Stern began working with the Finance Department to pay back the owed taxes in March 2015, but said that despite consistently paying down his debt, the penalties and fines continued to add up, putting him deeper in to debt, Stern said.
He worked with the Department for several years, but the business was ultimately seized in October 2016. It was closed for about five weeks, and during that time the Finance Department held an auction to sell much of the equipment within the restaurant, such as tables and chairs and kitchen appliances, though they were listed for a fraction of their cost, Stern said.
While it was closed the seven restaurant employees were also out of work.
The restaurant finally reopened on November 23 and Stern said that they were able to recover their belongings, and since then he has hired a taxation attorney and has been paying his taxes well in advance.

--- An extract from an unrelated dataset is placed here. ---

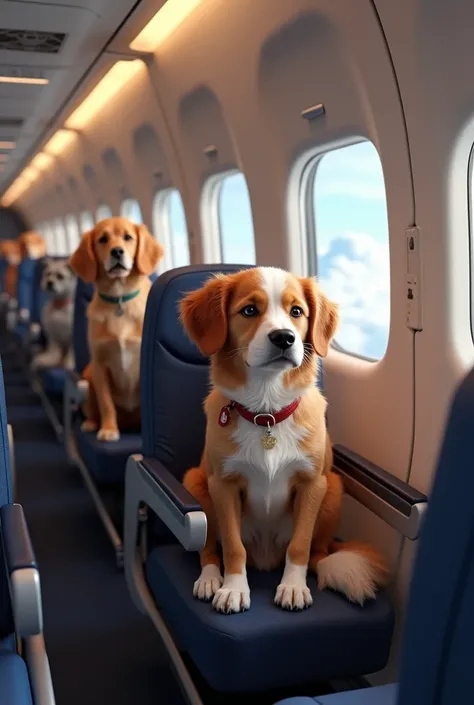 Dogs sitting on a plane 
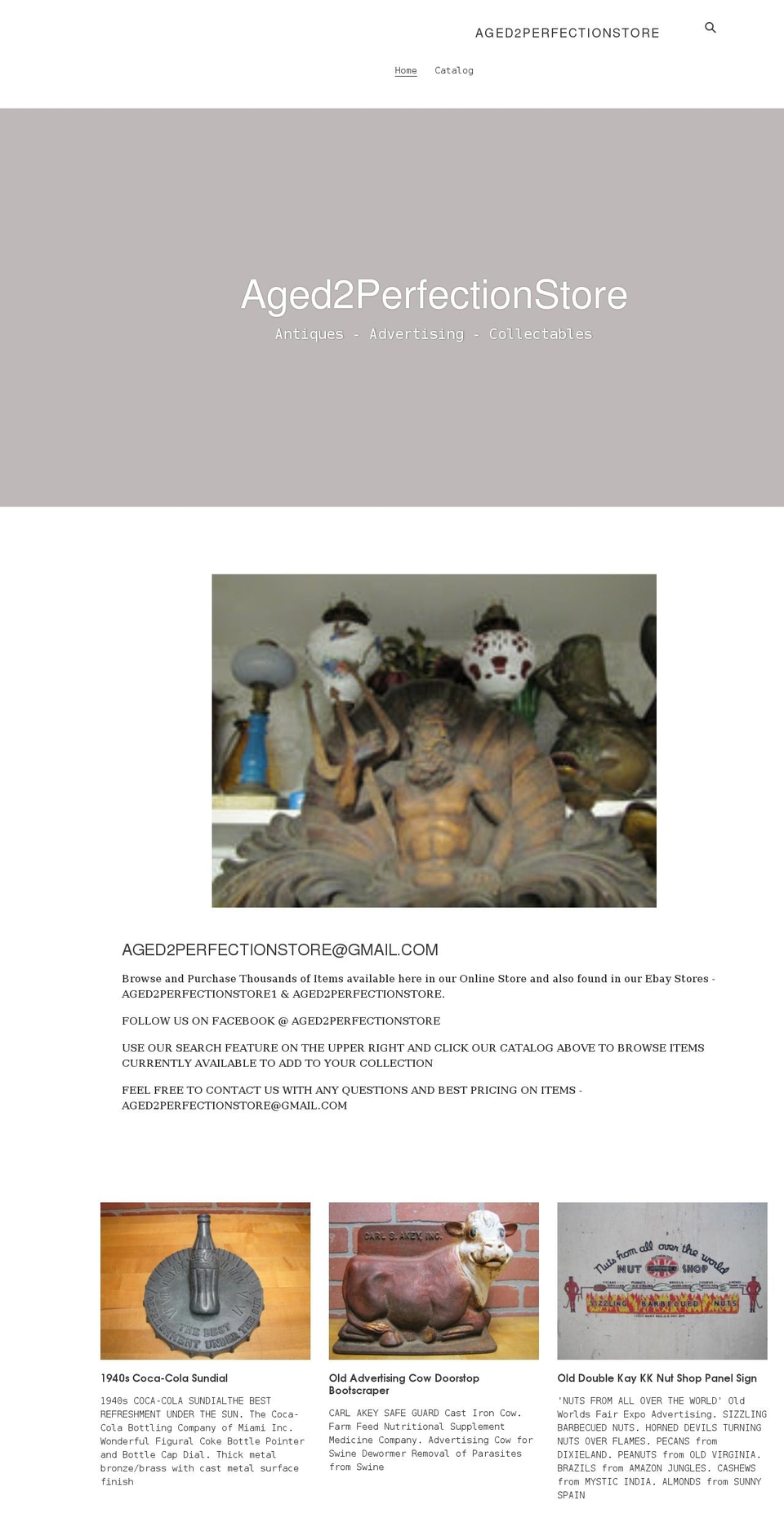 aged2perfectionstore.com shopify website screenshot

“We started operating properly and paying advance taxes, which we should have done from the beginning and would have if we had known,” Stern said. “We are operating as we are supposed to now, but the bill keeps growing, accumulating penalties and interest daily, and the hole just keeps getting deeper.”
The restaurant was seized again this month, and Stern said that they are again working towards reopening, though they may not be able to due to the high penalties and fines.

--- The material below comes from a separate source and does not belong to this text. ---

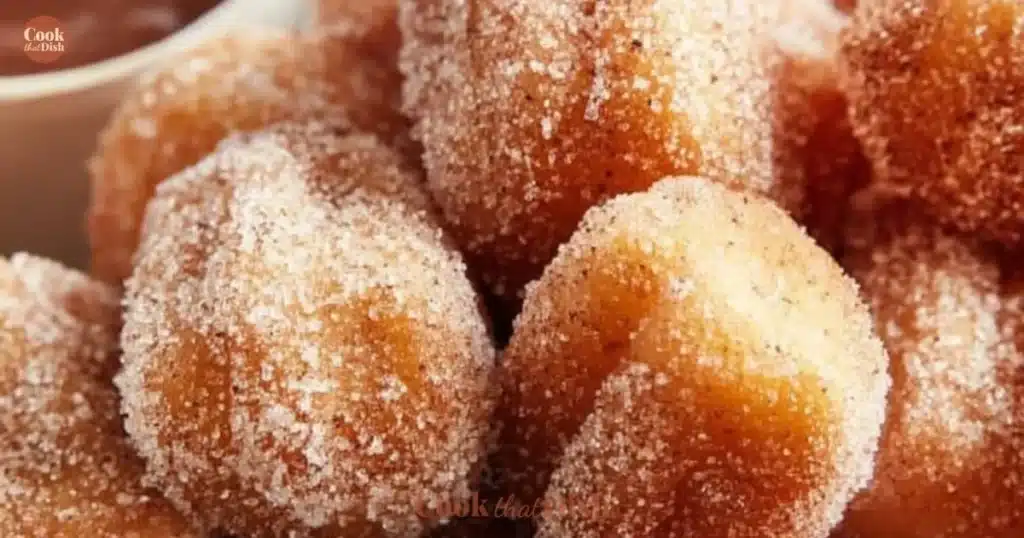 Healthy air fryer churro bites served on a plate with chocolate sauce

Prior to being shut down, Stern said that the restaurant had begun to gain momentum. It had recently grown its menu to include unique burgers as well as hot dogs, and had increased its deliveries and had regular customers. “We were really looking forward to the summer season with our outdoor area and building on the momentum we had going,” Stern said.
Since being shut down for the second time, Stern has reached out to several local politicians about the issue to bring awareness to the taxation policies.
“I was thinking that maybe there’s a way to raise awareness and have the policies updated to make sense with the way things are now,” Stern said. “A lot of people shy away from following their dreams because know how challenging running a business can be, and maybe there’s a way that the system could be better for new business owners.”